■ **Description of the task**
Your output is the line containing "Genuine Parts Yamaha" plus all lines after it to the end of the records, reproduced exactly, with nothing else.

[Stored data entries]
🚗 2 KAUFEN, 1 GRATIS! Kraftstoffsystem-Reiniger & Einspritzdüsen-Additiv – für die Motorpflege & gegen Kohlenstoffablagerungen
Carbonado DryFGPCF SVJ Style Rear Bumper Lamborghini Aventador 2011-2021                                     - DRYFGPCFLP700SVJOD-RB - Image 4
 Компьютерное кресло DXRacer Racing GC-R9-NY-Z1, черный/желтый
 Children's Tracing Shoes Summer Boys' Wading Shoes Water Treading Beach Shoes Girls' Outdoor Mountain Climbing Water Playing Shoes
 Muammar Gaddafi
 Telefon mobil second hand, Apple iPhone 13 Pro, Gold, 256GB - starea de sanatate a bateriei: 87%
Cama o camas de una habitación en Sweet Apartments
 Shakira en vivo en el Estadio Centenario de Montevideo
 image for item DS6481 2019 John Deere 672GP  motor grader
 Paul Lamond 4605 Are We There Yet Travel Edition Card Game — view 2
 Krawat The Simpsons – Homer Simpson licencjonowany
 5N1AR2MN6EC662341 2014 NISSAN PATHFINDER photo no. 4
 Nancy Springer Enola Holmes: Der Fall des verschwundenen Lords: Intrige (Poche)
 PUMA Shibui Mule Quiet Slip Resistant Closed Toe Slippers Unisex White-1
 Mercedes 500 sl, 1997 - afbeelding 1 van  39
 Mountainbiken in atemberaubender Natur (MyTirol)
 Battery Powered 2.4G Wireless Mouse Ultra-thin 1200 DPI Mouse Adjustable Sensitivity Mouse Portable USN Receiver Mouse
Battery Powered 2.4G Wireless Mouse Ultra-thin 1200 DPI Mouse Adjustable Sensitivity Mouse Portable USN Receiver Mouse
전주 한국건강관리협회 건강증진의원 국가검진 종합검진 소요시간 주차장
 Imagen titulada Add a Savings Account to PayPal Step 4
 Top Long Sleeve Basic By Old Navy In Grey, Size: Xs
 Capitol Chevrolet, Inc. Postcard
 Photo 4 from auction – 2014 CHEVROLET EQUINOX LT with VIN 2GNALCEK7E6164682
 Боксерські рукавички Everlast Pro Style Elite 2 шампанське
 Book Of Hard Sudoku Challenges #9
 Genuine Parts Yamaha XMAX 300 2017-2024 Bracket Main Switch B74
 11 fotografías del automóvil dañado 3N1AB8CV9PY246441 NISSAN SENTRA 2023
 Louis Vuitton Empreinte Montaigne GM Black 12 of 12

■ **Response area**
 Genuine Parts Yamaha XMAX 300 2017-2024 Bracket Main Switch B74
 11 fotografías del automóvil dañado 3N1AB8CV9PY246441 NISSAN SENTRA 2023
 Louis Vuitton Empreinte Montaigne GM Black 12 of 12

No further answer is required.